10.29. The use of burnable absorber rods or lumped burnable poison (LBP) plays an important role in PWR core management. In Westinghouse cores, these may take the form of aluminum oxide-boron carbide rods placed in those positions in a fuel assembly normally left open for the insertion of rod cluster control elements (§5.185). This means that LBP rods may only be used in assemblies not assigned to rod cluster control positions.

10.30. Since the first core initially contains no fission-product poisons, it is necessary to use burnable absorber rods in addition to soluble boron to compensate for the excess reactivity. It is not possible to use additional soluble boron as an alternative since the need to maintain a negative mod­erator temperature coefficient limits the boron concentration in the cool­ant. However, since first core use is limited to new reactors, most LBP use is for tailoring the individual assembly reactivity to avoid local power peaking in designing reload core patterns (§10.46). However, it is empha­sized that neutrons are lost unproductively in LBP rods. Therefore, only sufficient rods should be used to control the power distribution so that it is within licensing peaking factor limits. These peaking factors are normally determined by loss-of-coolant accident criteria (§12.90).

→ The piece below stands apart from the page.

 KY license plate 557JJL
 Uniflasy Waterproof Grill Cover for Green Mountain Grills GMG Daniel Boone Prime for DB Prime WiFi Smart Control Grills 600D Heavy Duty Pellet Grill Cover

10.31. During the burnup cycle, burnable poison rods are depleted, fission product poisons are formed, and the fissile atom concentration is reduced. Although this generally results in a loss of fuel assembly reactivity, attention must be given to the relative reaction rates so that the fixed absorber is not depleted so rapidly that an unacceptable power peak would appear in midcycle. Another concern with some absorbers is the residual poisoning effect remaining after the initial burnup cycle. This leads to a reactivity penalty when the fuel assembly is reinserted in subsequent cycles (see Fig. 13.3). Therefore, a general design objective is to minimize the use of lumped burnable poison rods.